▸ **Recorded information**
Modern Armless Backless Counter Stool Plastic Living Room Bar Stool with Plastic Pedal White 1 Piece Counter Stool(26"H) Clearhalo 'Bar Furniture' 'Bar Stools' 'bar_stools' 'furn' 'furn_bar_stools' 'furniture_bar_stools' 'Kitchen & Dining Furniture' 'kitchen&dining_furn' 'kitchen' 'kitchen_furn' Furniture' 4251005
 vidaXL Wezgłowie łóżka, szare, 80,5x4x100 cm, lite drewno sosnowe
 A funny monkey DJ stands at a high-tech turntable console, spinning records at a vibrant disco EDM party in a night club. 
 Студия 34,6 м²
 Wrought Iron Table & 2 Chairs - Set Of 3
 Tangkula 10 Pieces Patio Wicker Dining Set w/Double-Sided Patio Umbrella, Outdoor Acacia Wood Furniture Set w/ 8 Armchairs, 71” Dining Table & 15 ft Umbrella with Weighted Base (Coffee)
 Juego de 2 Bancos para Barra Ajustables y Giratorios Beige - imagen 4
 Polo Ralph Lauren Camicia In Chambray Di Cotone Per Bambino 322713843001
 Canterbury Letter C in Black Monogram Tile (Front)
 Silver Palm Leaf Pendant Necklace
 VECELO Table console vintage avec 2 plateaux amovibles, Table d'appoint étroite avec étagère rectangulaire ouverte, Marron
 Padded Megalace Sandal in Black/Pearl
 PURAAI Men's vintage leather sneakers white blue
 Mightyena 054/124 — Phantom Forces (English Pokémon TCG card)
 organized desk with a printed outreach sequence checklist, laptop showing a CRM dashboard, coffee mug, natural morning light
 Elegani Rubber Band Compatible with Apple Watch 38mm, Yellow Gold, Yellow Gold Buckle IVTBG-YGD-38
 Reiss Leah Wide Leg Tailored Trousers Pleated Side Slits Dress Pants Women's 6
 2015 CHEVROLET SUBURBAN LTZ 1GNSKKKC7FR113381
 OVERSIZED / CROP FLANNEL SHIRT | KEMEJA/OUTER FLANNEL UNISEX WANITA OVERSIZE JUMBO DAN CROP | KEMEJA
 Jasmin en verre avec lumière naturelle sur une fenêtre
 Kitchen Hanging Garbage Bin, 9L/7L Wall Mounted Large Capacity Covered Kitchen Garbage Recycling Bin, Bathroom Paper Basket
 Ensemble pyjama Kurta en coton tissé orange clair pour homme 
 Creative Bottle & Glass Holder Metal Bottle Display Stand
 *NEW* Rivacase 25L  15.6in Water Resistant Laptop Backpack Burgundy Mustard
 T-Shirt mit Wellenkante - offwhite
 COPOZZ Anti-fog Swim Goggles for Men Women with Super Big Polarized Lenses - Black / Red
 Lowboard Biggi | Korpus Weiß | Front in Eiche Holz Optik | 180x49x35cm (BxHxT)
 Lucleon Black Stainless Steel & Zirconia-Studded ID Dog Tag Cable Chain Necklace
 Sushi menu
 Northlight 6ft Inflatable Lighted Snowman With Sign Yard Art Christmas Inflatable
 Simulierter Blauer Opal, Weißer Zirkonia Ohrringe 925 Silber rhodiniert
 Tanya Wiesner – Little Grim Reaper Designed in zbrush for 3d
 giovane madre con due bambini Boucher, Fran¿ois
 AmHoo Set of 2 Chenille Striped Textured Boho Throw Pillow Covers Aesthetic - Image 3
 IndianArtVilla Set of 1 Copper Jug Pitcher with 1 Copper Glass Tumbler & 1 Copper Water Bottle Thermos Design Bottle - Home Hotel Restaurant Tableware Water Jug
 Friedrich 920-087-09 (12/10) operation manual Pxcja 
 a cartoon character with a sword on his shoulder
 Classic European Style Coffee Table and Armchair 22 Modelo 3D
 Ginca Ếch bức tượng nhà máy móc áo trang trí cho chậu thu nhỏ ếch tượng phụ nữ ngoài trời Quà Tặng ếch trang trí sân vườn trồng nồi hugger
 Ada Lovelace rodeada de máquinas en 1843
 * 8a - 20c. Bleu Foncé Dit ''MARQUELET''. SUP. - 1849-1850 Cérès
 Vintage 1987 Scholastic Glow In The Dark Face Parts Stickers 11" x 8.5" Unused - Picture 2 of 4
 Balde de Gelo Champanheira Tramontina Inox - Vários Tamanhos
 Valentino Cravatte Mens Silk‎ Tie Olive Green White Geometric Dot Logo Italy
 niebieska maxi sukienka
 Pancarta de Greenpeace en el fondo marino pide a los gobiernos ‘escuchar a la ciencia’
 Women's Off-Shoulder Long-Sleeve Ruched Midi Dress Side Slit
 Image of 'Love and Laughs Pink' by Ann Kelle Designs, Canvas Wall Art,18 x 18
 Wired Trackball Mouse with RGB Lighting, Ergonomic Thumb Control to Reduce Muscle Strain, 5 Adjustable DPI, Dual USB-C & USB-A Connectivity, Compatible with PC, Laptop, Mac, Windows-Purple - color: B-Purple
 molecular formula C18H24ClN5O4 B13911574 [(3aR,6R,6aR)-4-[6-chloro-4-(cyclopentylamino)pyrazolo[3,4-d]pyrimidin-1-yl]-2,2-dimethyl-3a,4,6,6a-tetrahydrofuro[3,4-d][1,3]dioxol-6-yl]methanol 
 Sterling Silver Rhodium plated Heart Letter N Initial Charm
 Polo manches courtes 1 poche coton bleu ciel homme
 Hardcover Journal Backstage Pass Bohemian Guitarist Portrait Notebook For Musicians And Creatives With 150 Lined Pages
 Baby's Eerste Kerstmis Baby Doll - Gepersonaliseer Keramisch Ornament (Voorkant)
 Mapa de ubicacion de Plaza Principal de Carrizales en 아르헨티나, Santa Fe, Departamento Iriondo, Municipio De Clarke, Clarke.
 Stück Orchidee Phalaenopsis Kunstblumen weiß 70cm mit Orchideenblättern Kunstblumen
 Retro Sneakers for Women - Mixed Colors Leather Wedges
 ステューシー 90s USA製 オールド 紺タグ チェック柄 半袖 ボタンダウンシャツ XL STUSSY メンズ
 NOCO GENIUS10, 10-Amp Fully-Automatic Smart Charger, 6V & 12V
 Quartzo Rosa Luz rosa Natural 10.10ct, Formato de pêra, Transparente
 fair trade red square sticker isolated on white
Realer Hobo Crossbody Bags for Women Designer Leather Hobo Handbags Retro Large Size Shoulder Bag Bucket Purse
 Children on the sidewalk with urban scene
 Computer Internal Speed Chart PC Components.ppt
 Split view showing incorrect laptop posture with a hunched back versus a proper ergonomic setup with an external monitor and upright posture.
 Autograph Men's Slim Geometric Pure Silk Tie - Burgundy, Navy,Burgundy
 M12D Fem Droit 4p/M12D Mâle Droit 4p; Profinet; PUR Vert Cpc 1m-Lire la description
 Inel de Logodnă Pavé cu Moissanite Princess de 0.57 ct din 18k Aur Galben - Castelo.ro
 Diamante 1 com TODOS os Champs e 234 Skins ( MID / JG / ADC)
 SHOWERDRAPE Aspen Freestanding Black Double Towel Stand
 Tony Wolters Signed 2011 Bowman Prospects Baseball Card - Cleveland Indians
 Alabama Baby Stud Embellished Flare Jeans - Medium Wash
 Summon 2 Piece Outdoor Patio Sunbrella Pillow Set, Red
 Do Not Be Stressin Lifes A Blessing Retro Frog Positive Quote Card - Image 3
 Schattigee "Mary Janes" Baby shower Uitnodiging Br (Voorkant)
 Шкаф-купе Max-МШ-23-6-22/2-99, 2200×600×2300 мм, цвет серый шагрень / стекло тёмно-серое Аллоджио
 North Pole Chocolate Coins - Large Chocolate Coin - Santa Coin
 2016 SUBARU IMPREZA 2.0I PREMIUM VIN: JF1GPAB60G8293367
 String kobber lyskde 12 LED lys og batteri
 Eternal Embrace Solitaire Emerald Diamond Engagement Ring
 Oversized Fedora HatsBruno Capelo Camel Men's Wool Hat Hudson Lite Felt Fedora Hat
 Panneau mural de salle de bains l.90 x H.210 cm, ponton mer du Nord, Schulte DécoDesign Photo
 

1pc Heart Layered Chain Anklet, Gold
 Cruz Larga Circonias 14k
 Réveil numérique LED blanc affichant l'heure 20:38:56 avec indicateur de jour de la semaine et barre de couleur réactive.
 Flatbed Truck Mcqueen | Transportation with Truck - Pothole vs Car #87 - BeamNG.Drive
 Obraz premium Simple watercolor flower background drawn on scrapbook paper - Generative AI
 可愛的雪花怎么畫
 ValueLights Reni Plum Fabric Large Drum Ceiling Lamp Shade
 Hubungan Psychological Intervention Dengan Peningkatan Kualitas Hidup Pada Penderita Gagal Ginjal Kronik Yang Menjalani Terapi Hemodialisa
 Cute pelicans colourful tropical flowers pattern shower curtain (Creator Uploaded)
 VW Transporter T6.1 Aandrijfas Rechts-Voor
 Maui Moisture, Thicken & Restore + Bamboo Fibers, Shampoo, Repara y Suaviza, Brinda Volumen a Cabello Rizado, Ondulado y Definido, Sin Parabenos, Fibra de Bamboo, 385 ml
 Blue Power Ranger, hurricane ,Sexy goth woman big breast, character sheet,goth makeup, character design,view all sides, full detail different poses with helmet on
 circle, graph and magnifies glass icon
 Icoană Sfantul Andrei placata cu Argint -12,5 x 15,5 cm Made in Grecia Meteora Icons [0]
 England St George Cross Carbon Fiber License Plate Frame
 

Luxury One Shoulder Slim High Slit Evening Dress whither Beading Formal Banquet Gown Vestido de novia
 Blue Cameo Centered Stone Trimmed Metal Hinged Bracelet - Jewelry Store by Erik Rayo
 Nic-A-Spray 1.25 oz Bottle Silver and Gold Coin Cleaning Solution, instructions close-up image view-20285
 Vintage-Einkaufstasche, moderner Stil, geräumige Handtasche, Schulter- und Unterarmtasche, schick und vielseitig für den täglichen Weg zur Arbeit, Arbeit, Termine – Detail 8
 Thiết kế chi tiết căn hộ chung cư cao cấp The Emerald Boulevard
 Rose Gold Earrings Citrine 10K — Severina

▸ **Exercise aim**
In the listing above, transcribe exactly everything from the line containing "PURAAI Men's vintage" down to the line containing "Jasmin en verre", including both and nothing more.

▸ **Expected answer**
 PURAAI Men's vintage leather sneakers white blue
 Mightyena 054/124 — Phantom Forces (English Pokémon TCG card)
 organized desk with a printed outreach sequence checklist, laptop showing a CRM dashboard, coffee mug, natural morning light
 Elegani Rubber Band Compatible with Apple Watch 38mm, Yellow Gold, Yellow Gold Buckle IVTBG-YGD-38
 Reiss Leah Wide Leg Tailored Trousers Pleated Side Slits Dress Pants Women's 6
 2015 CHEVROLET SUBURBAN LTZ 1GNSKKKC7FR113381
 OVERSIZED / CROP FLANNEL SHIRT | KEMEJA/OUTER FLANNEL UNISEX WANITA OVERSIZE JUMBO DAN CROP | KEMEJA
 Jasmin en verre avec lumière naturelle sur une fenêtre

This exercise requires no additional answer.